Project Goals
site
The web site malaga.sandelman.ca was started in January 2026.
The Malaga project aims to turn proof-of-concept https://www.rfc-editor.org/info/rfc8520 MUD Controllers into an upstream, enabled and installed by default OpenWRT package.
The Manufacturer Usage Description, or MUD, was standardized in 2019. It is a JSON format file, described by a YANG data model, which describes a set of Access Control Lists (“ACLs”, pronounced, officially as [ak-uh l], according to RFC8519), that indicate what are expected network behaviours for a specified purpose device, such as an IoT device.
Since 2019 there has been a lot of excitement around this, but there has not been very much actual deployment. There has been smoke, but there isn’t has been fire. The goal of this project is to create fire.
Like many useful network protocols there is often not a clear path to the so-called “fax effect”, whereby each new owner of a fax machine increases the overall value of the fax system. Even the fax machine had to wait for at least two fax machines to exist: a single machine has little utility.

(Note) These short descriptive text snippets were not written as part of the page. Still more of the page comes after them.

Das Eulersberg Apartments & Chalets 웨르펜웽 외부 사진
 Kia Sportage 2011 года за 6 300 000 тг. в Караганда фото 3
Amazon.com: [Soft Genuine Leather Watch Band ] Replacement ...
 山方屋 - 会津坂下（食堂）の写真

In the MUD ecosystem, one needs two things:
- a MUD controller: the device that enforces the ACLs
- a MUD device: the device which is being described
These two devices usually come from diverse manufacturers who do not coordinate, and therefore can not absorb the external costs of implementing MUD, while getting no immediate benefit.
This project aims to clear this “log jam” by creating a production ready MUD controller that can be included in the OpenWRT home router ecosystem.
To adequately test this, an IoT device with appropriate MUD mechanisms is needed. Beyond the value in teting, having such a reference design, and getting it upstreamed into commonly available IoT platforms will improve the situation for all participants in the IoT ecosystem.